Concerning pure problem solving (and certainly NOT any conceptual depth), do you know about the excellent Schaum's outline series ? There is one in about any subject (including one on heat transport).

7. Dec 1, 2006

### a_lawson_2k

Haven't heard of them, but I'll definitely look into it. Thanks for the lead.

As for the temperature variation T(R), I tried finding it by integrating the result from the previous problem H(r) divided by $$-k*4\pi r^2$$, but it didn't reconcile with the book's result. It said $$\frac{T_1 b(r-a)+T_2 a(b-r)}{r(b-a)}$$, but I kept getting a different result when I integrated $$\frac{H}{-4\pi r^2 k}$$ from a to R (a=<R<=b)...

8. Dec 2, 2006

### vanesch

Staff Emeritus
They are really worth it: they're pretty cheap, easily available (on amazon for instance) and very efficient to learn to solve problems in an efficient way.
(and no, I have no stock in them :-)

This should come out right...(I mean, the approach is correct).

Let's check: we have
C/r^2 = - dT/dr, so after integration, T is of the form T(r) = C/r + C'
Note that $$C = \frac{ab}{a-b} \DeltaT$$ in here.

Now, you can check that the expression of your book does comply to this T(r) form (check the coefficient of 1/r, it is C all right, plus a constant).

In order to check the constant C', we only have to verify that the expression of the book has the right value at r = a (and should then also have the right expression at r = b, because that's how we fixed C - and hence H - in the first place).
Fill it in: it is all right.

So this should come out all right...

9. Dec 2, 2006

### a_lawson_2k

$$\int_{a}{R}-\frac{\frac{4abk\pi (T_1-T_2)}{b-a}}{4\pi r^2 k}$$

Maple spit out the same thing, I finally found the first part of the solutions to University Physics (set me back \$20, still grumbling about that, I'm switching over to 11th once I find a good price) so this may be resolved sooner than later thankfully.

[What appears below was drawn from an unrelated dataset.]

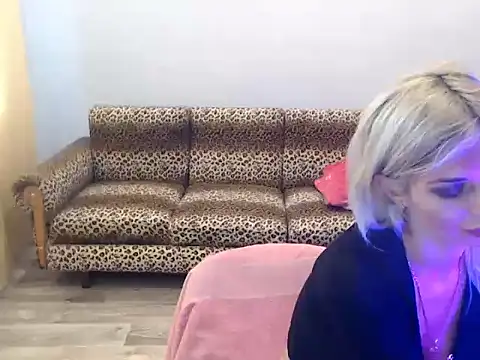 SexyBeatriice online show from November 6, 2025, 7:20 am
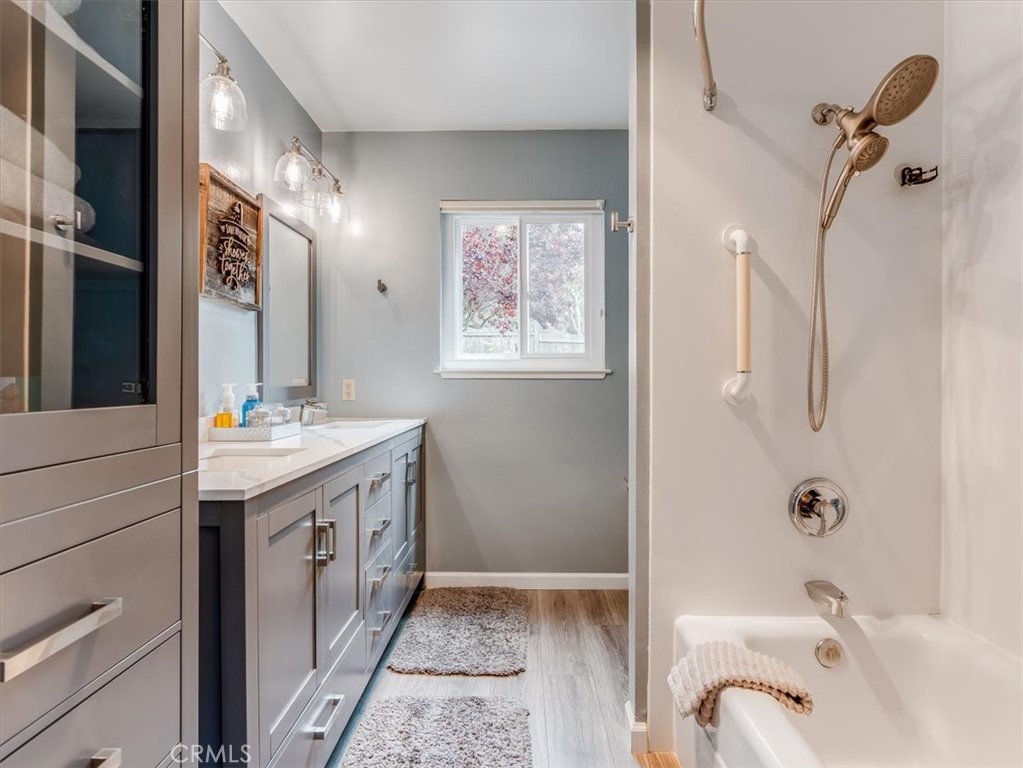 554 Cambridge Street Cambria, CA 93428 - Photo 28 of 52 Primary Bathroom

I'm still not sure why it didn't reconcile. To shed light, I used Maple to expand the results:
Book's:
$${\frac {{\it T1}\,b}{b-a}}-{\frac {ab{\it T1}}{R \left( b-a \right) }} +{\frac {ab{\it T2}}{R \left( b-a \right) }}-{\frac {{\it T2}\,a}{b-a}}$$

mine:

$$-{\frac {ab{\it T1}}{ \left( -b+a \right) R}}+{\frac {ab{\it T2}}{ \left( -b+a \right) R}}$$

I appear to be off by the far left and right terms and then by a factor of -1.

Last edited: Dec 2, 2006
10. Dec 10, 2006

### a_lawson_2k

Still haven't figured it out; further insight would be appreciated.

Thanks

11. Dec 10, 2006

### vanesch

Staff Emeritus
I can only repeat what I wrote already...